Reflection #

I’ve tried to take a look at Hugo for a few times before properly diving into it.

The first time was back when I first decided to look into making a website not-completely by hand. I had hacked a few previous iterations of this site together and was happy with the design. The next step was to write some blobs of text for people to read besides the random antics that can be found in the side bar.

A few problems arose here. For one, writing directly in HTML is a pain. So I decided to write in markdown and convert that to HTML using Pandoc. From there, I still had to index every page completely by hand. The prospect of this annoyed me quite a bit, so I decided to take a cursory glance at Hugo.

The quick start guide showed how to take a pre-existing theme, a bunch of markdown files and turn that into website. Never having been one to use other people’s work as-is, I quickly gave up when I saw the structure of the themes and couldn’t be bothered to give it a proper shot. This also gave me the impression of it being a Wordpress-esque environment that works great as long as you stick within the standards.

A bit later I found out that Pandoc supports templates. So I tried my hand at hacking a site generator together based on a Makefile and Pandoc. This worked… somewhat. But I deemed it more trouble than it was worth and never got very far with it.
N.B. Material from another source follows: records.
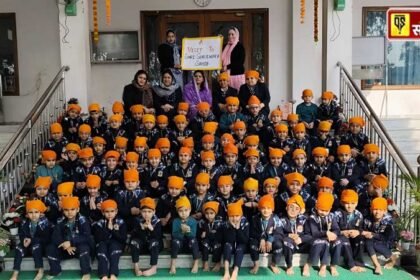 The little children of Innocent Hearts School visited Gurudwara Sahib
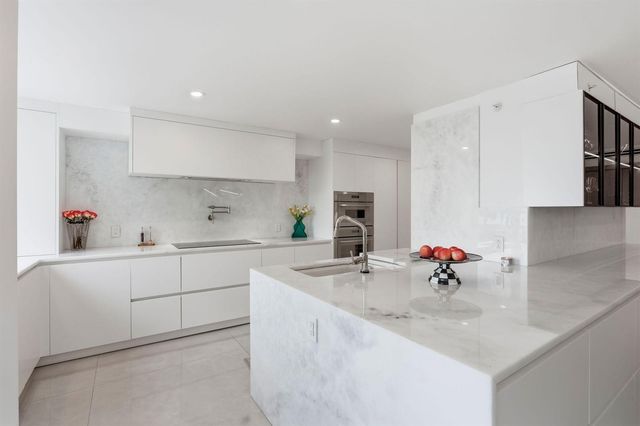 901 E CAMINO REAL 2A, Boca Raton, FL 33432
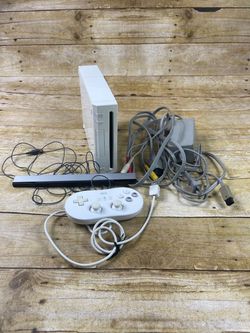 Nintendo Wii RVL-001 Console Classic Controller NES N64 Games Disc Drive Broken
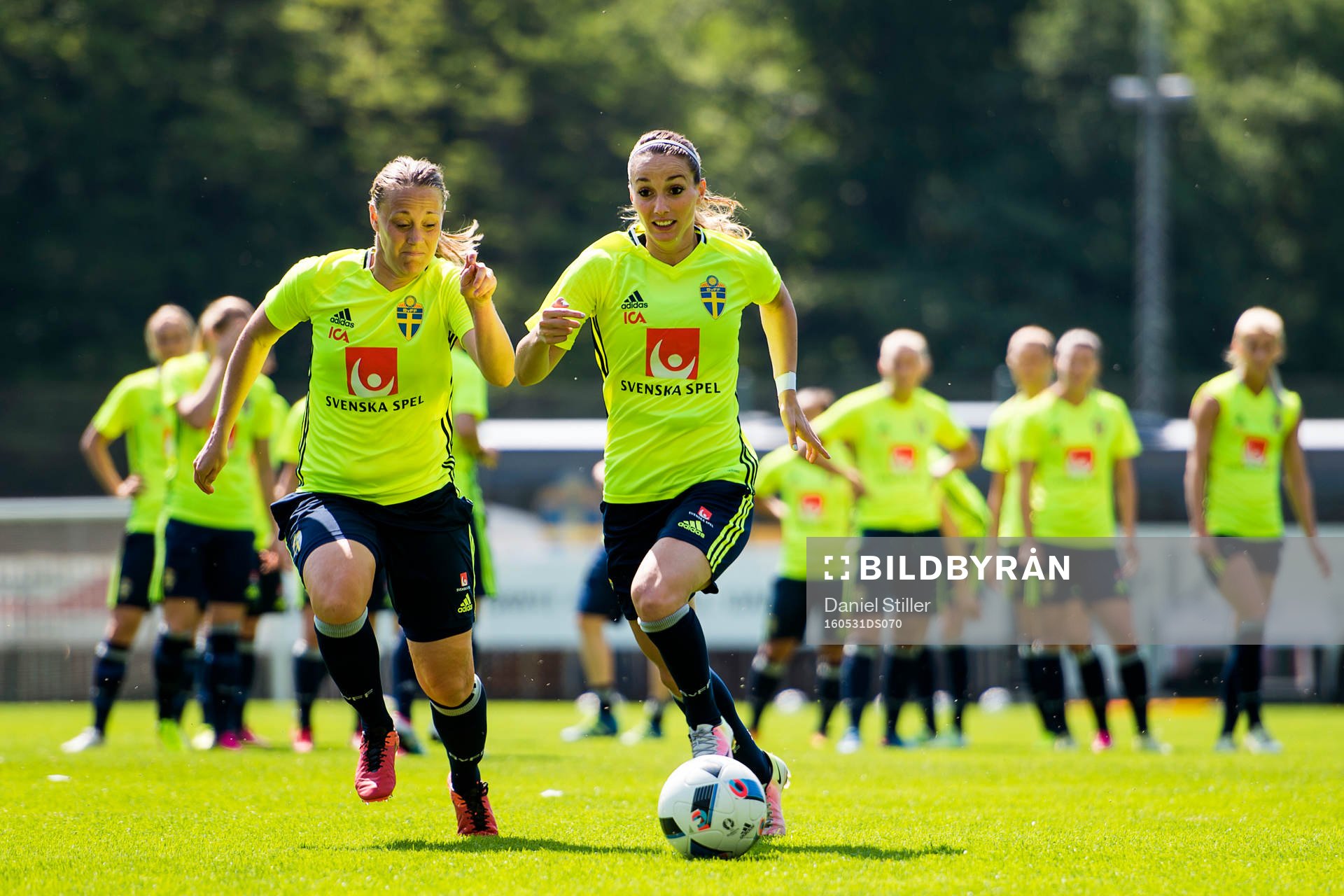 Freja Hellenberg och Kosovare Asllani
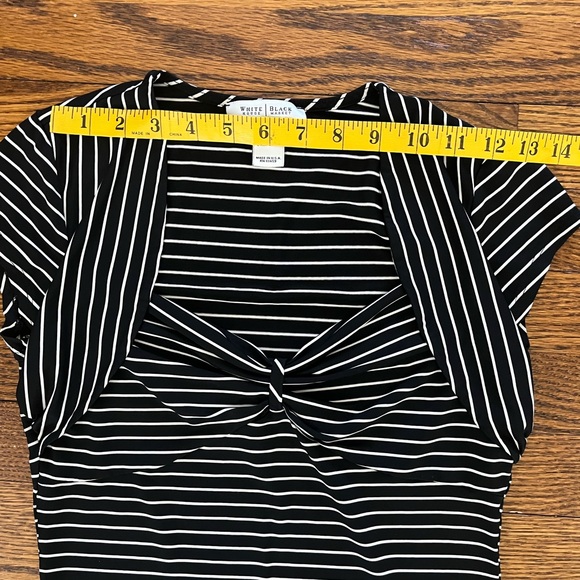 Black and White Striped Top Size Small TONS OF STRETCH - Picture 2 of 4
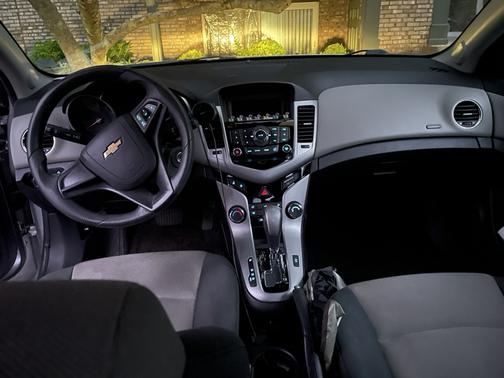 Silver 2012 Chevrolet Cruze LS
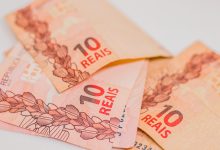 Está sem emprego e precisa de uma renda para segurar as pontas? Confira a Bolsa que promete pagar um bom valor.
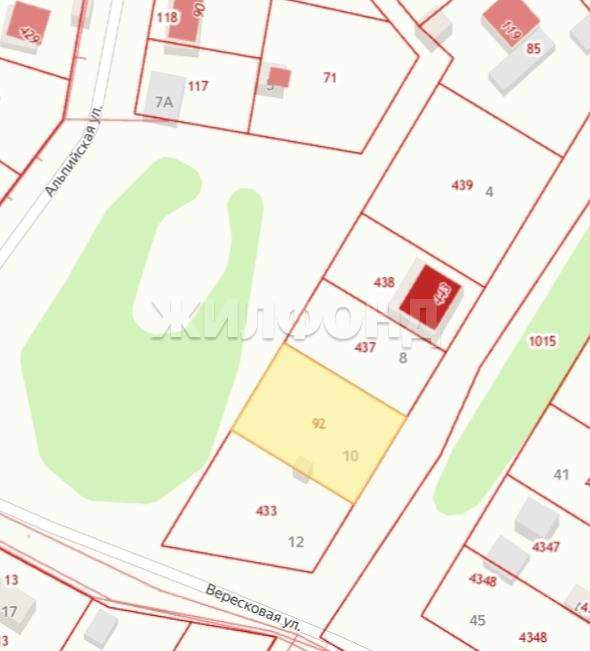 Продам земельный участок 1200 м.кв.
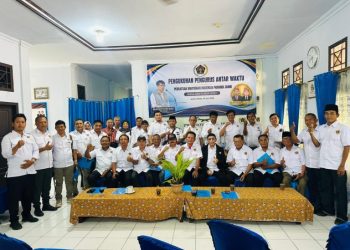 Foto bersama usai pengukuhan pengurus antar waktu PWI Provinsi Jambi. (Dok: Arwani)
A few weeks ago, I came across someone mentioning Hugo again and how it was really great. I decided to give it another shot. This time really diving into the structure of the themes and it clicked. A thing that probably helped this time around was that it very quickly became clear to me that the features I had been half arsedly implementing in my Makefile were standard features for Hugo. Another thing that undoubtedly helped being that the philosophy and syntax of Pandoc’s more advanced features are quite similar to Hugo’s.

Disservice to Hugo #

One big thing I bump into with Hugo is the fact that most Hugo websites I come across take one template and maybe change the colorscheme. I feel this is a great disservice to the potential that Hugo has to offer in terms of flexibility. Yes, you can have it act similar to Wordpress, but you don’t have to. I was scared off because I assumed would have to use some existing template or get my CSS to work within a Hugo context. The process of which, I assumed, would be mostly having beat Hugo into submission before it would display the things I wanted in the way I wanted.

The beauty of Hugo and ultimately the reason this is now a Hugo site, is it’s flexibility. You wouldn’t be able to tell this is a Hugo site if you don’t dig through the metadata fields in the <head> tag. And I guess that is also kind of the problem with it. Most people visibly using Hugo take some standard template proudly proclaiming that the page we’re presently looking at is generated using it.

And the people who want to use Hugo but don’t care for the pre-existing themes, don’t care to proudly shout to the world that their site is made with it. This is why I got the impressions of Hugo that I did.

In that sense, I’m part of the problem in not showing that Hugo can do pretty much anything you can think of in the realm of static, somewhat blog oriented websites.